Prominent Russians: Grigory Orlov
Grigory Orlov was a Russian statesman and favorite of Catherine the Great who organized the coup to place her on the Russian throne and subsequently helped the Empress rule the country.
Family background
Grigory Orlov was born on October 17, 1734, into a Russian noble family which produced several distinguished statesmen, diplomats, and soldiers. Grigory Orlov senior served the Tsar and achieved the rank of State Adviser. In the early 1740’s, he was one of the vice-governors of the city of Novgorod. He married late and his wife was three times his junior.
They had 9 sons, but only 5 of them survived.

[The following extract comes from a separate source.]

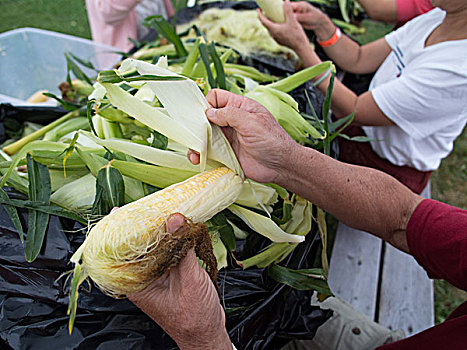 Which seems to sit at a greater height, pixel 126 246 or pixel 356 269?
pixel 126 246

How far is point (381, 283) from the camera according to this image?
1.67 meters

The five brothers each went on to great service and deeds in the Russian court; Grigory became the paramour of Catherine II, Aleksey would command the Russian fleet in the war against the Turks, Vladimir became a senator, and Fyodor and Ivan were made chamberlains after the coup which enthroned Catherine II while killing her husband, Peter III.
Catherine’s lover
Grigory started his love affair with Catherine while she was only Grand Duchess. The details of Grigory Orlov’s childhood have escaped history, but it is known he was educated at the cadet corps in St. Petersburg. In 1749, he began his military career in the Seven Years' War of 1756–1763, a global military conflict that affected a number of countries including Russia.
Orlov was an officer in the artillery division, while two of his brothers, Aleksey and Vladimir, were merely common soldiers in the guards. While serving in the capital as an artillery officer, he caught the fancy of the Empress-to-be Catherine, and led the conspiracy to overthrow and murder her husband Peter III in 1762.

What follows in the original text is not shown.